Supplied data:

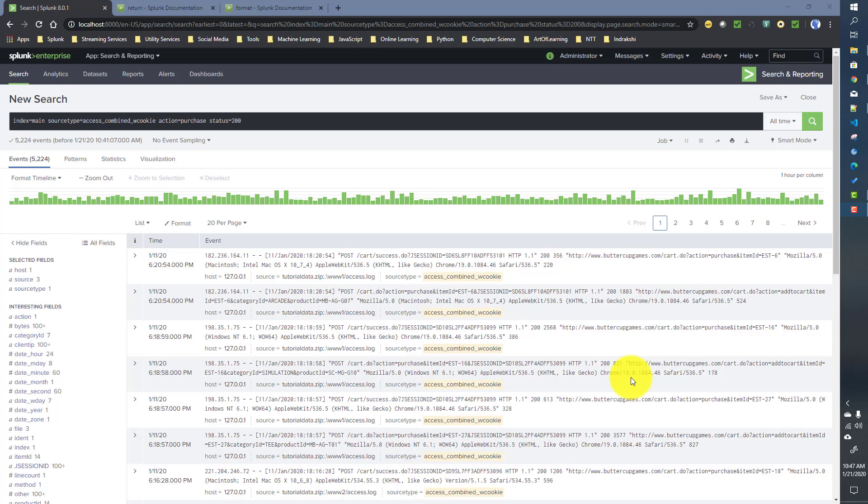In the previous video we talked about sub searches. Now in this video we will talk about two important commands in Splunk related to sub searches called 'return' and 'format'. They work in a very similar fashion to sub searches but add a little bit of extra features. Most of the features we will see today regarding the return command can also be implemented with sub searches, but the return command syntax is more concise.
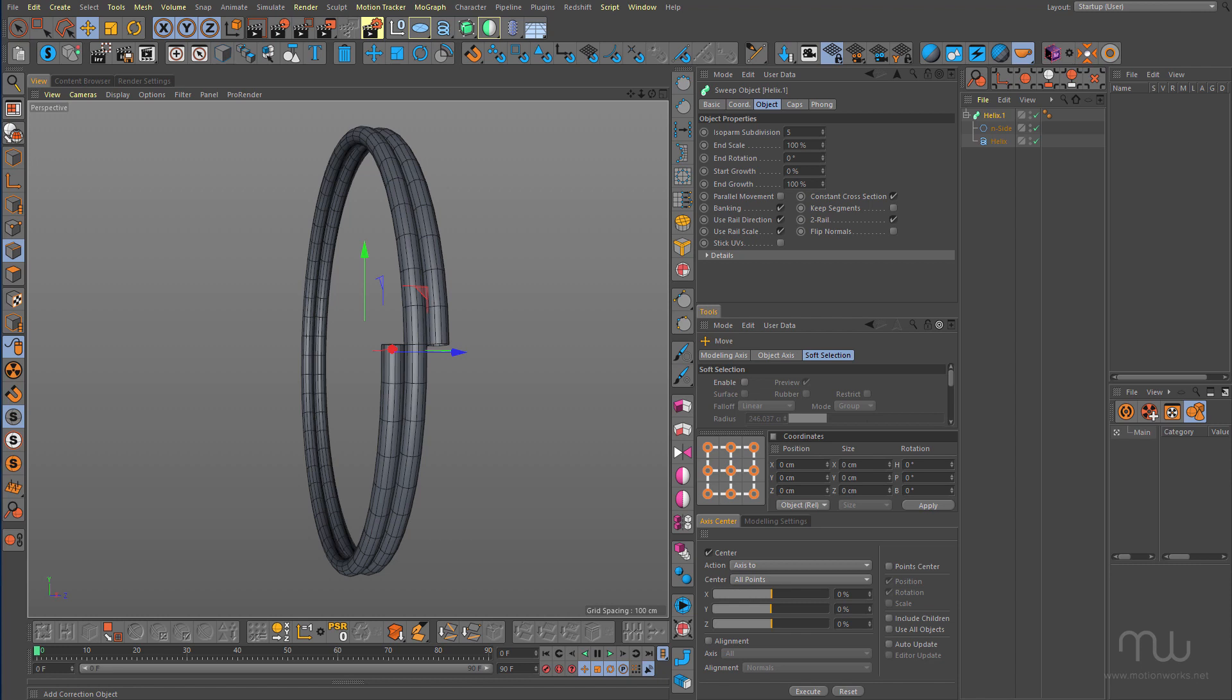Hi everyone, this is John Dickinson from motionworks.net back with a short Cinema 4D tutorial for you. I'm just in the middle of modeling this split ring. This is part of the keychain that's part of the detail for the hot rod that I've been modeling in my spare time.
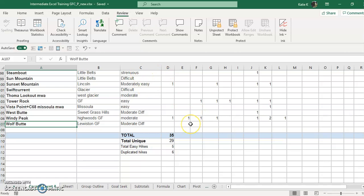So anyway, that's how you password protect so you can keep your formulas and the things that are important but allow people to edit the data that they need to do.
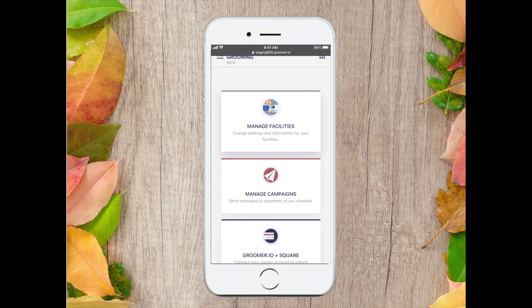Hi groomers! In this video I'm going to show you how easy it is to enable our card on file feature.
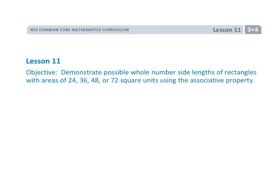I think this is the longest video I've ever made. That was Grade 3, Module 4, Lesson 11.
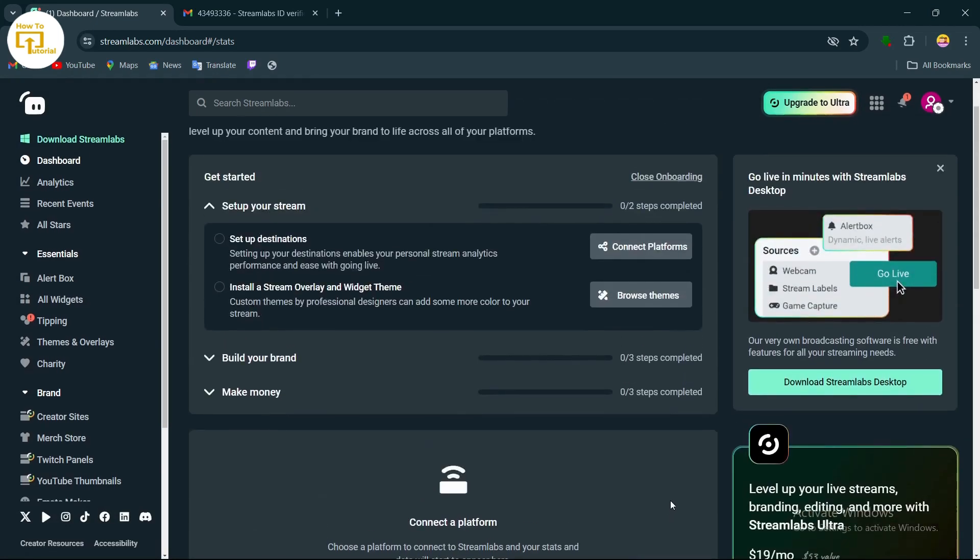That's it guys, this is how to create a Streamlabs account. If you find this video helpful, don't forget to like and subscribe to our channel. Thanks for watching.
...
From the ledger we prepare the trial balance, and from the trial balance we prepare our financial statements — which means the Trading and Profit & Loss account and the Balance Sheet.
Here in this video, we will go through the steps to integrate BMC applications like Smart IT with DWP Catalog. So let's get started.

What you should do: Starting at the line above that contains "Hi groomers! In", transcribe every line exactly through the line that contains "That's it guys, this", including that last one, and skip the pictures.

Response box:
Hi groomers! In this video I'm going to show you how easy it is to enable our card on file feature.
I think this is the longest video I've ever made. That was Grade 3, Module 4, Lesson 11.
That's it guys, this is how to create a Streamlabs account. If you find this video helpful, don't forget to like and subscribe to our channel. Thanks for watching.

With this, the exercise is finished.